Aiming to deploy a quick demo on both the smartphone families, we adopted the Cordova framework, extended with plugins to drive Bluetooth hardware.
To be honest, we now know we made a mistake and we should have written native code in order to save time.
The Cordova plugins we used are intended for connecting IoT devices and the support for advertising/scanning functionalities is less than what we desired. Whatsmore, there is a big asymmetry between iOS and Android support, exceeding their natural differences, so the portability won’t be achieved without a complete refactoring.
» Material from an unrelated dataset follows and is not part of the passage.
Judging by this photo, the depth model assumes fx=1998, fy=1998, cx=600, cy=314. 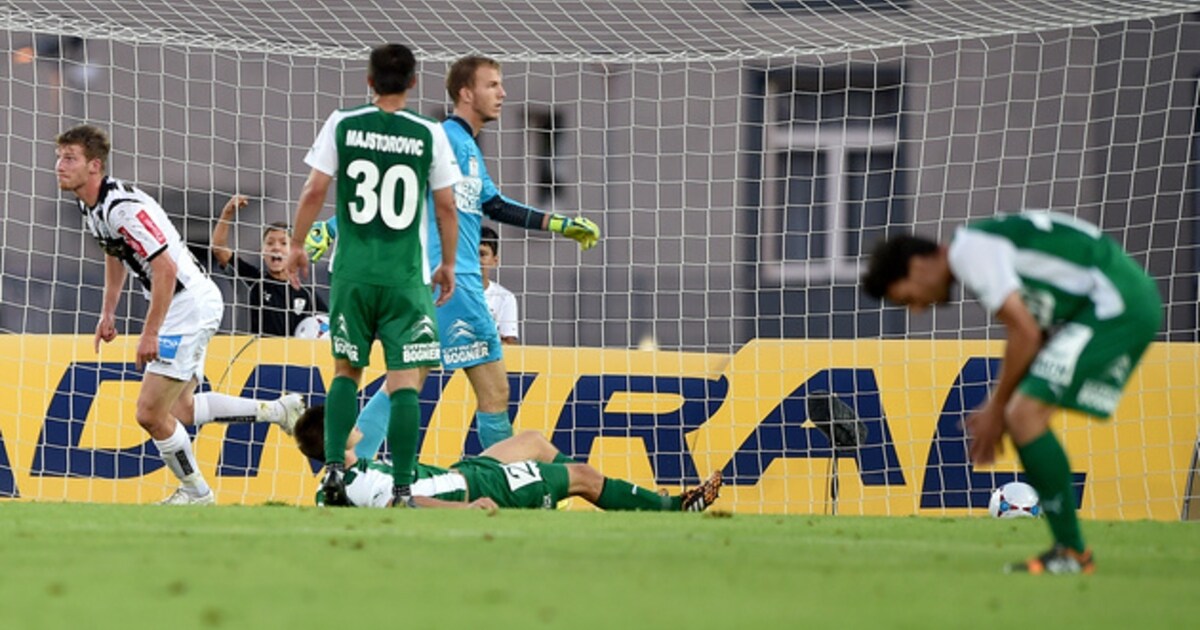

-install the Cordova framework (with Android’s ADB) - create a Cordova empty app, and add the platform -install the plugins already mentioned ($ cordova install pluginName) - checkout the Github repo into /www directory
Please mind you will browse a test branch, in the repository of a project that never surfaced!
You need physical devices (smartphones) to be cable-connected to the IDE, either in Android or iOS, as Bluetooth hardware response cannot be virtualized in an emulator. Whatsmore, due to interacting through a terminal, you should contemplate “hexagonal” architectures of your code, those including interfaces dedicated to testing the single units of code.